= TSN Necochea =

TSN Necochea is an Argentine news portal covering the city of Necochea in the province of Buenos Aires. It used to operate a local channel of the same name between 1997 and 2022; since then TSN has limited its operations to its website.

==History==
Necochea had a local cable television channel since 1984, when the idea of Canal 4 Televisión Necochea, also known as Necochea Televisora Color, came into fruition, which had a varied schedule.

In January 1997, the broadcasts of the Televisión Satelital Necochea cable company, a three-way joint between Multicanal, Mar del Plata's La Capital Cable and the Necochean newspaper Ecos Diarios, with an offer of 65 channels, the large part of them was basic, as well as relaying Canal 2 from Mar del Plata (from La Capital Cable), its own local channel and five premium channels, HBO Ole, Cinecanal, Cinemax, medical channel Señal de Vida and the adult channel Venus. For the scrambled channels a TOCOM decoder was required, which was also used for TyC's Sunday pay-per-view soccer matches (at the time El clásico del domingo, later TyC Max). The founder of both the local channel (Canal 10 TSN) and the cable company was Guillermo Inacio, three-time ADEPA president. In mid-1999, the cable.company was acquired by La Capital Cable, while the local channels (9 and 10) continued using the TSN nomenclature. At the same time, PROSICOM was interested in a radio license, bidding for 94.5 FM.

In 2009, following the merger between Cablevisión and Multicanal, Grupo Clarín gave TSN's control in a condominium with PROSICOM. When PROSICOM decided to give control of the channel to Telecom, owner of Flow, the company was in charge of the damages given to its staff.

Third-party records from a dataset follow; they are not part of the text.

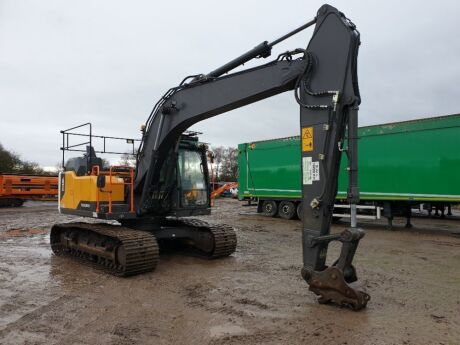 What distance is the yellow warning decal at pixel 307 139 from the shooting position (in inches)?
209

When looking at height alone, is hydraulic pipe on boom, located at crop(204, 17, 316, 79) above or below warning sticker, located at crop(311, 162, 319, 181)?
above

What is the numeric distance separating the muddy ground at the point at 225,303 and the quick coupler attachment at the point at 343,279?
15 centimetres

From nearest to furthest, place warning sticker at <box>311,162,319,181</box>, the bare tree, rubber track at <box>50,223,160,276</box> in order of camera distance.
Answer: warning sticker at <box>311,162,319,181</box>
rubber track at <box>50,223,160,276</box>
the bare tree

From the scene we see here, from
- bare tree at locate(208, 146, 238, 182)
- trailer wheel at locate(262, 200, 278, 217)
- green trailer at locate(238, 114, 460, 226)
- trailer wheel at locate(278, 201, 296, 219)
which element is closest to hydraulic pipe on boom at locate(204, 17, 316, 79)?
green trailer at locate(238, 114, 460, 226)

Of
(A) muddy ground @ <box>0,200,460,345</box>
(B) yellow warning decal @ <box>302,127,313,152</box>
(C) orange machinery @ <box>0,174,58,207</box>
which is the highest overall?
(B) yellow warning decal @ <box>302,127,313,152</box>

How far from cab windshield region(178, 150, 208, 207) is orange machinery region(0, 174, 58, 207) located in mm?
19918

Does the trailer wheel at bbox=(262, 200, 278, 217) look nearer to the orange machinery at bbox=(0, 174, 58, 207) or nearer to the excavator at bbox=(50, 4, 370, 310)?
the excavator at bbox=(50, 4, 370, 310)

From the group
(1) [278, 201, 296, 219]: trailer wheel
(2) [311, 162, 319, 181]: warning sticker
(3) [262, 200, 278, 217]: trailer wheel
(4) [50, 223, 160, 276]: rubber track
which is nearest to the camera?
(2) [311, 162, 319, 181]: warning sticker

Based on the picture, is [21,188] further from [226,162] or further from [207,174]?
[226,162]

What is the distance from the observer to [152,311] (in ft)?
17.0

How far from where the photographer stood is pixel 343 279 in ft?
15.7

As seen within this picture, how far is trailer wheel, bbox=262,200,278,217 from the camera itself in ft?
59.3

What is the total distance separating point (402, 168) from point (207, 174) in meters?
7.77

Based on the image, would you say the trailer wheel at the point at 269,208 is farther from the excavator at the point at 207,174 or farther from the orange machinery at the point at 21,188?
the orange machinery at the point at 21,188
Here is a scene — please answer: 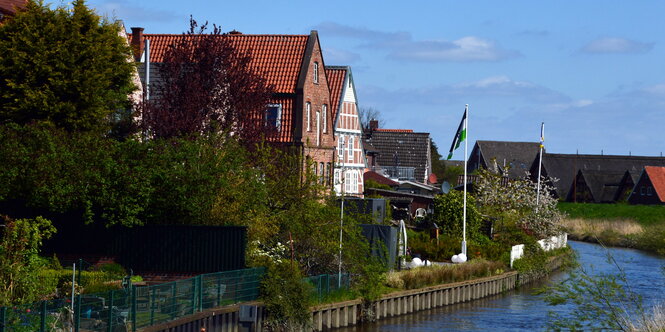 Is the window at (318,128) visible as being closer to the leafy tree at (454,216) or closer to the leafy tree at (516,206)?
the leafy tree at (454,216)

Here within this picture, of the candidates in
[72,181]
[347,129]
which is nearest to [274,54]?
[347,129]

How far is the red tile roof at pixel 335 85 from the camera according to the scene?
68.1 metres

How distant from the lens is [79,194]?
113 ft

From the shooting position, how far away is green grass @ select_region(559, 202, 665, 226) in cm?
10107

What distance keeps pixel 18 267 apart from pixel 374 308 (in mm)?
15153

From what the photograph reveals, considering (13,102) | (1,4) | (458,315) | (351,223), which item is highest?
(1,4)

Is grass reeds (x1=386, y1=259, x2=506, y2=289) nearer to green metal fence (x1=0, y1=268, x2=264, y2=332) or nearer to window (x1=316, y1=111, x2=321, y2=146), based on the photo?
green metal fence (x1=0, y1=268, x2=264, y2=332)

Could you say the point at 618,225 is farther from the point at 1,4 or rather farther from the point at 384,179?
the point at 1,4

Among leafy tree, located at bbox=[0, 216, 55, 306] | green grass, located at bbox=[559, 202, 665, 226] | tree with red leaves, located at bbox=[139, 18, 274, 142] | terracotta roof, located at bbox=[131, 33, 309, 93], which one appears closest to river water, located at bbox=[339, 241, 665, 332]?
tree with red leaves, located at bbox=[139, 18, 274, 142]

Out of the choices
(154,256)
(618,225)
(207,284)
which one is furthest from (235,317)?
(618,225)

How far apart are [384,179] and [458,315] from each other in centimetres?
4302

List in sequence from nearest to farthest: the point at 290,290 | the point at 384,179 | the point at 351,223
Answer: the point at 290,290
the point at 351,223
the point at 384,179

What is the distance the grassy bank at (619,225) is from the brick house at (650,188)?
16.7ft

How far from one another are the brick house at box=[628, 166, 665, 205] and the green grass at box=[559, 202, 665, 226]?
337 cm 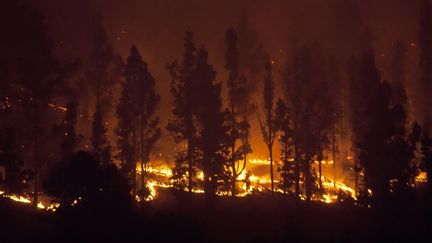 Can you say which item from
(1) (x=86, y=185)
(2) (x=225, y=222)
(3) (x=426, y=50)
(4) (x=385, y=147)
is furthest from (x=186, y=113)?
(3) (x=426, y=50)

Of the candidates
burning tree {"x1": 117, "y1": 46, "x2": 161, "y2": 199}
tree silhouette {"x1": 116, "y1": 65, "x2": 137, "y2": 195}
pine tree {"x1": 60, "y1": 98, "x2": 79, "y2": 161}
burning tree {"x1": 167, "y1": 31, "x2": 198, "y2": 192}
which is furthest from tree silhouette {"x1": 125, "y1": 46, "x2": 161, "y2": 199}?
pine tree {"x1": 60, "y1": 98, "x2": 79, "y2": 161}

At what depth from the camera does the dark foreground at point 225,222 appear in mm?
14812

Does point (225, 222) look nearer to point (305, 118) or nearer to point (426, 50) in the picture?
point (305, 118)

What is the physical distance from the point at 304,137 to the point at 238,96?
8170 millimetres

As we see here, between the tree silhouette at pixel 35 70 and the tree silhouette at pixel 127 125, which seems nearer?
the tree silhouette at pixel 35 70

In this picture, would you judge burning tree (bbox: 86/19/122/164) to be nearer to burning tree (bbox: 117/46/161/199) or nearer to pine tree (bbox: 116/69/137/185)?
burning tree (bbox: 117/46/161/199)

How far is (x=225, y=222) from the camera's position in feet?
98.2

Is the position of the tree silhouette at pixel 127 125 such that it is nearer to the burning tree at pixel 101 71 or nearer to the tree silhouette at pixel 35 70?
the tree silhouette at pixel 35 70

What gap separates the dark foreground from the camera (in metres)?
14.8

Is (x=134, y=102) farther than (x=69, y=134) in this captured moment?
Yes

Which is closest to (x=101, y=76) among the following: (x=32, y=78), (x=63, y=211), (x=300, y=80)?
(x=32, y=78)

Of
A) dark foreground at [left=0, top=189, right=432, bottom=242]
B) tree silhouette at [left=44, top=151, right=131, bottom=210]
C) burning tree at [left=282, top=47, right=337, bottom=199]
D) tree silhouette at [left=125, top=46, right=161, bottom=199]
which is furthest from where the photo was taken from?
tree silhouette at [left=125, top=46, right=161, bottom=199]

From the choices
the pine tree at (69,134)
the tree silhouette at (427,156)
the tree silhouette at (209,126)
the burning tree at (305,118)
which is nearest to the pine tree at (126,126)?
the pine tree at (69,134)

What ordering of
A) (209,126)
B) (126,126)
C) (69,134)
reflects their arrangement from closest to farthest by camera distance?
(69,134), (209,126), (126,126) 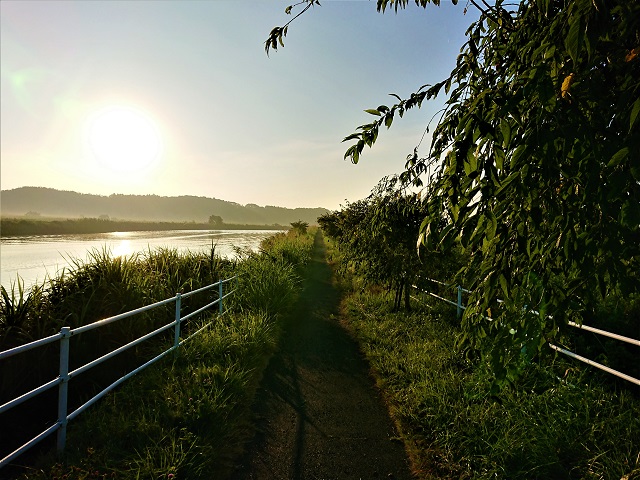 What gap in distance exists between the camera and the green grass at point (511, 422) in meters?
2.69

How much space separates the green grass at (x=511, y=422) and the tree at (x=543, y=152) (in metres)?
0.85

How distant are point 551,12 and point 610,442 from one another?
3.15 m

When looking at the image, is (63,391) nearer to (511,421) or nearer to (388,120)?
(388,120)

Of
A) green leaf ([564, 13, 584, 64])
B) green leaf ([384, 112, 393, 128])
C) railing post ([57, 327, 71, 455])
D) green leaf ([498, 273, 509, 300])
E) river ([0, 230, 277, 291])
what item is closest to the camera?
green leaf ([564, 13, 584, 64])

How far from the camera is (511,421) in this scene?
3195 mm

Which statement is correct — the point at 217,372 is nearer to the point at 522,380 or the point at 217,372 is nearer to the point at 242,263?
the point at 522,380

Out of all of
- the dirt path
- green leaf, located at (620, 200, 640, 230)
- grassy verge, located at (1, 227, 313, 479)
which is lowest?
the dirt path

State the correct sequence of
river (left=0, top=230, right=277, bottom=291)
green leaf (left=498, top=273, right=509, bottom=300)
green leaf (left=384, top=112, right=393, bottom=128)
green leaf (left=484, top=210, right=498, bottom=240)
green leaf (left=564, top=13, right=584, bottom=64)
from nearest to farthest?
1. green leaf (left=564, top=13, right=584, bottom=64)
2. green leaf (left=484, top=210, right=498, bottom=240)
3. green leaf (left=498, top=273, right=509, bottom=300)
4. green leaf (left=384, top=112, right=393, bottom=128)
5. river (left=0, top=230, right=277, bottom=291)

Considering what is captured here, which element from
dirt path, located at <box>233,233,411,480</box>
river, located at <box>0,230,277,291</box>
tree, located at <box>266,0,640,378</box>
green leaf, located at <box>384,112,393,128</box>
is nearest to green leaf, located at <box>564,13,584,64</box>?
tree, located at <box>266,0,640,378</box>

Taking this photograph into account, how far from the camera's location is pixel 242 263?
1029cm

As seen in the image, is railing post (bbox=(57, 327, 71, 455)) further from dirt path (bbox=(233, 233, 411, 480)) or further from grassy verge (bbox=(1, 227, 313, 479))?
dirt path (bbox=(233, 233, 411, 480))

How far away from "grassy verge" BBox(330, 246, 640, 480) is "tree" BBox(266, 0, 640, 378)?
927 mm

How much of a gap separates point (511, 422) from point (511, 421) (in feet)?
0.10

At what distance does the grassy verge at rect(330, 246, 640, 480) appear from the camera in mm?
2695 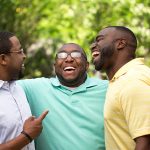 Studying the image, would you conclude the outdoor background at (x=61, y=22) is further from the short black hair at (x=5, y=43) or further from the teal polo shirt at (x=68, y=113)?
the short black hair at (x=5, y=43)

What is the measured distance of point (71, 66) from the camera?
5.00 m

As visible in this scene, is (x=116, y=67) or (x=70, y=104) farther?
(x=70, y=104)

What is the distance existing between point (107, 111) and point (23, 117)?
760 millimetres

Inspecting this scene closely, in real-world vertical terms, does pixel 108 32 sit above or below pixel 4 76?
above

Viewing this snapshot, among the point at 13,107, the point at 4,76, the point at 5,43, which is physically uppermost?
the point at 5,43

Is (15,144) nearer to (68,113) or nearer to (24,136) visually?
(24,136)

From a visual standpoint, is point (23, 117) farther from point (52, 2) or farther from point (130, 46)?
point (52, 2)

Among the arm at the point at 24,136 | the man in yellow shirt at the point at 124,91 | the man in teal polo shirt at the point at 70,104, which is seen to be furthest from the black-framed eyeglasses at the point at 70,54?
the arm at the point at 24,136

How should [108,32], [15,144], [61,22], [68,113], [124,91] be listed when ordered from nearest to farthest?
[124,91], [15,144], [108,32], [68,113], [61,22]

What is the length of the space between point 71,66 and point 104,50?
72 cm

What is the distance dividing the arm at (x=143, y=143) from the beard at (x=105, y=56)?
2.59 ft

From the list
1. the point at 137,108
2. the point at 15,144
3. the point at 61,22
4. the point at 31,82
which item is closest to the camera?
the point at 137,108

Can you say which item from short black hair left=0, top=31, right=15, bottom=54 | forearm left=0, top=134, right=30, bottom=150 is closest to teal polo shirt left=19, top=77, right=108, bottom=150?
short black hair left=0, top=31, right=15, bottom=54

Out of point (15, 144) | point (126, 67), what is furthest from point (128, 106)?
point (15, 144) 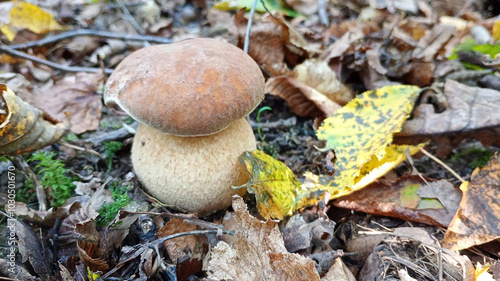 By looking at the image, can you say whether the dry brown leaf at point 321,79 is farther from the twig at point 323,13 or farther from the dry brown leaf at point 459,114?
the twig at point 323,13

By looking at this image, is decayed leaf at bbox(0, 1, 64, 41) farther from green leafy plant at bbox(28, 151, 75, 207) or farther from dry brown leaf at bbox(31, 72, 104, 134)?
green leafy plant at bbox(28, 151, 75, 207)

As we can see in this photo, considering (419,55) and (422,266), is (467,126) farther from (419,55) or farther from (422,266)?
(419,55)

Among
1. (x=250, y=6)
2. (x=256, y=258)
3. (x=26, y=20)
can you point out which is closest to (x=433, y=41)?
(x=250, y=6)

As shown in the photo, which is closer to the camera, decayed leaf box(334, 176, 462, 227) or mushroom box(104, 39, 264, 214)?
mushroom box(104, 39, 264, 214)

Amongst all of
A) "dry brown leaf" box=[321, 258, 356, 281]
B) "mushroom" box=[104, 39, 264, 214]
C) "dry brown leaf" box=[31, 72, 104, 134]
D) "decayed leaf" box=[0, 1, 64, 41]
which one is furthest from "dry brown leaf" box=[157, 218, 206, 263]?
"decayed leaf" box=[0, 1, 64, 41]

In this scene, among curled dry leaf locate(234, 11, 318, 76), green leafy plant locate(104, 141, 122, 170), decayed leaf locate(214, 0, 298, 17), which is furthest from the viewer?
decayed leaf locate(214, 0, 298, 17)

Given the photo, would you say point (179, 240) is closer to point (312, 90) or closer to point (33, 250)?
point (33, 250)

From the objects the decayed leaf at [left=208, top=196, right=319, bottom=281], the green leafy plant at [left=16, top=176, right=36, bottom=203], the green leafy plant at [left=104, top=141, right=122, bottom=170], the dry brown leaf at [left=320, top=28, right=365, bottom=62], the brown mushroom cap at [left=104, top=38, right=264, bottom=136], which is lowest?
the green leafy plant at [left=104, top=141, right=122, bottom=170]
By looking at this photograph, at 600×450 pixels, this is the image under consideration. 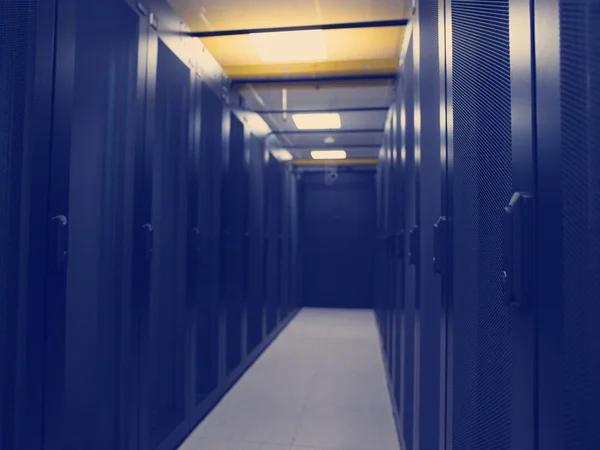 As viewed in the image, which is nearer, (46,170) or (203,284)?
(46,170)

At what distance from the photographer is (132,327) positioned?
2.10 metres

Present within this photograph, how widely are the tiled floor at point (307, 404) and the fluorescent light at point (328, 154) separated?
132 inches

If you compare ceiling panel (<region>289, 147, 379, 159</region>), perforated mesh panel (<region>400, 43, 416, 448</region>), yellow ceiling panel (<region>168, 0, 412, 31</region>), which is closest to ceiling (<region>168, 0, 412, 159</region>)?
yellow ceiling panel (<region>168, 0, 412, 31</region>)

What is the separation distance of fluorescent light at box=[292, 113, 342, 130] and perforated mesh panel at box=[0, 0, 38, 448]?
436 centimetres

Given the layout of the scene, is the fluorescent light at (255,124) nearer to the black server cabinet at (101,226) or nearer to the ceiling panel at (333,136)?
the ceiling panel at (333,136)

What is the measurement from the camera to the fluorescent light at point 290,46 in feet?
11.3

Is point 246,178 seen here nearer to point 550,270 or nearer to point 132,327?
point 132,327

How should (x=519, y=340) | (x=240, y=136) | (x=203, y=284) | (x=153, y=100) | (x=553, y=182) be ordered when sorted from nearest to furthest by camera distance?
(x=553, y=182), (x=519, y=340), (x=153, y=100), (x=203, y=284), (x=240, y=136)

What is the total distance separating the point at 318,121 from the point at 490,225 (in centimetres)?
500

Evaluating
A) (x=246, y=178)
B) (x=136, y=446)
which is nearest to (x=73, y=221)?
(x=136, y=446)

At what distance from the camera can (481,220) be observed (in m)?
1.04

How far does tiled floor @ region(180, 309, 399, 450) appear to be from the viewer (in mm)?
2816

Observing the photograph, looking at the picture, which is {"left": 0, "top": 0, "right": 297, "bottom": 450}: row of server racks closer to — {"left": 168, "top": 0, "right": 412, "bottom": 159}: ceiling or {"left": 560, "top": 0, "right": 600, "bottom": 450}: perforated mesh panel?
{"left": 168, "top": 0, "right": 412, "bottom": 159}: ceiling

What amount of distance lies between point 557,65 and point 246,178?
3862 mm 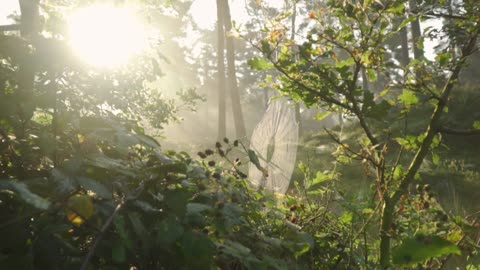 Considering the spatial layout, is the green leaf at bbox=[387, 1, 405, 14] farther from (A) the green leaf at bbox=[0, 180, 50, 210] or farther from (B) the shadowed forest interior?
(A) the green leaf at bbox=[0, 180, 50, 210]

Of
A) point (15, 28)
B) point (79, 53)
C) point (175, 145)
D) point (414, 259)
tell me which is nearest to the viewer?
point (414, 259)

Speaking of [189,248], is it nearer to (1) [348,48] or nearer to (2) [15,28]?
(1) [348,48]

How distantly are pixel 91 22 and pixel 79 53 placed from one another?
0.76m

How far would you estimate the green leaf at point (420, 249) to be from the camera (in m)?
1.17

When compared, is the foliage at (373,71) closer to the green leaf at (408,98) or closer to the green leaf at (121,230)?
the green leaf at (408,98)

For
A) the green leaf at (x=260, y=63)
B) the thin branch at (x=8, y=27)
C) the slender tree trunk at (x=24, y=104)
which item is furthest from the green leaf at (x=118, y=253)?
the thin branch at (x=8, y=27)

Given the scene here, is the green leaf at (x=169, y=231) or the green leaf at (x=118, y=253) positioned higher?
the green leaf at (x=169, y=231)

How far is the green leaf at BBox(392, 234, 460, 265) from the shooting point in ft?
3.83

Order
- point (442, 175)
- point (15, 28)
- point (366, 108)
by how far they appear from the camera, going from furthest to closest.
Result: point (442, 175)
point (15, 28)
point (366, 108)

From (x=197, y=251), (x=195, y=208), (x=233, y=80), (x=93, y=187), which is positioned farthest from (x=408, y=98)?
(x=233, y=80)

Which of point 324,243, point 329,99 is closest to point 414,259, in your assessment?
point 324,243

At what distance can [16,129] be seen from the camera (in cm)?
143

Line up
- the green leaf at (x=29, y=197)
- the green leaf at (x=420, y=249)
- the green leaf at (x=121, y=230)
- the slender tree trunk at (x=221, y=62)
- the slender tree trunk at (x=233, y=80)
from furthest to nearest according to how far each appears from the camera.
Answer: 1. the slender tree trunk at (x=221, y=62)
2. the slender tree trunk at (x=233, y=80)
3. the green leaf at (x=420, y=249)
4. the green leaf at (x=121, y=230)
5. the green leaf at (x=29, y=197)

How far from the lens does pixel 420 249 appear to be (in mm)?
1209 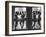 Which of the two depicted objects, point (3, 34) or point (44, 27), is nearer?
point (3, 34)

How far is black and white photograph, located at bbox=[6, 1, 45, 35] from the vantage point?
1.35 meters

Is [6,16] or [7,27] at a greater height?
[6,16]

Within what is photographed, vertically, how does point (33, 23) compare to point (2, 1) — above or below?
below

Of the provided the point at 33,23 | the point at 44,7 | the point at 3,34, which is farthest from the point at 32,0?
the point at 3,34

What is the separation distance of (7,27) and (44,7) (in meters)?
0.74

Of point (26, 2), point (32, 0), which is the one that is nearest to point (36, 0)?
point (32, 0)

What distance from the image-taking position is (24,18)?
1389 millimetres

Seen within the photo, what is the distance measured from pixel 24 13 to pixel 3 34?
50 cm

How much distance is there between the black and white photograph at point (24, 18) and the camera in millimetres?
1352

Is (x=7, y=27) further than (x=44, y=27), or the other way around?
(x=44, y=27)

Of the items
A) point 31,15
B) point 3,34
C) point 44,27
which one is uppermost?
point 31,15

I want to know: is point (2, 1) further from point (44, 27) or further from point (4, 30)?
point (44, 27)

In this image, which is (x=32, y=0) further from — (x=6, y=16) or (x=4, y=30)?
(x=4, y=30)

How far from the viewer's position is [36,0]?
1.43 metres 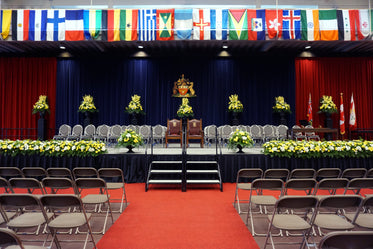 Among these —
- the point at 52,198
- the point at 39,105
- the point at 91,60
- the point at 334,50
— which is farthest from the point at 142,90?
the point at 52,198

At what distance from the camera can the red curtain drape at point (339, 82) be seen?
13375mm

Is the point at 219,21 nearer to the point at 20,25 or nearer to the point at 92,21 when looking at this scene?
the point at 92,21

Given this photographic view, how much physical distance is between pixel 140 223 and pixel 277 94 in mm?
11346

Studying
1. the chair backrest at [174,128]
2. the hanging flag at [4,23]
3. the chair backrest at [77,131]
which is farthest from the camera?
the chair backrest at [77,131]

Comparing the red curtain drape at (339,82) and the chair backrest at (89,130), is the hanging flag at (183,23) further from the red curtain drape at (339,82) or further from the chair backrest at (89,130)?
the red curtain drape at (339,82)

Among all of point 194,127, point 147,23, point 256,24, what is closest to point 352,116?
point 256,24

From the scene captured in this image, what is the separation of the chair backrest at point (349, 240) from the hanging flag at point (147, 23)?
8803mm

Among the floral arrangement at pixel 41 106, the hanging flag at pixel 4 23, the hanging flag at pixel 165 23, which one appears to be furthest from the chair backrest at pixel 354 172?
the floral arrangement at pixel 41 106

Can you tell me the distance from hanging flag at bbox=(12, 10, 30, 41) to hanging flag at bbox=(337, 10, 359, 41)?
11.6 m

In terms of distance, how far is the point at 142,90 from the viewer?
527 inches

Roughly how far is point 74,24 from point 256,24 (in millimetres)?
6765

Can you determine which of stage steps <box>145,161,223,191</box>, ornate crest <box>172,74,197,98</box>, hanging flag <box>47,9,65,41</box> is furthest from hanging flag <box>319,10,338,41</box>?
hanging flag <box>47,9,65,41</box>

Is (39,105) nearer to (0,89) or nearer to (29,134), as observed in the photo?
(29,134)

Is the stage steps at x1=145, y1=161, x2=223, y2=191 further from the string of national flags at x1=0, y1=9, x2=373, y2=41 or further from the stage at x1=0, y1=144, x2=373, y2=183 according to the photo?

PROSICOM announced in November 2019 that it was going to reduce its news coverage, cutting the 15-minute weekend bulletin and the noontime newscast, as well as firing a journalist and a cameraman, without directly mentioning the cause, although it was speculated that it was to ease financial problems the company had. Such case caused concern in Necochea, with the local section of labor union ATE joining the condemnation against the decision.

On July 29, 2022, TSN aired its final newscast, announcing the definitive end of its transmissions on July 31, merging with Somos Mar del Plata (from Flow) to create Somos Mar del Plata-Necochea. The new combined channel didn't have the hypothesis of starting the local newscast for Necochea. The last newscast ended with a selection of footage, especially from its last few years, which served as a farewell for the channel, while wishing good luck to the Necochean producers and programs on the new channel. After its closure, TSN continued operations exclusively as a news portal.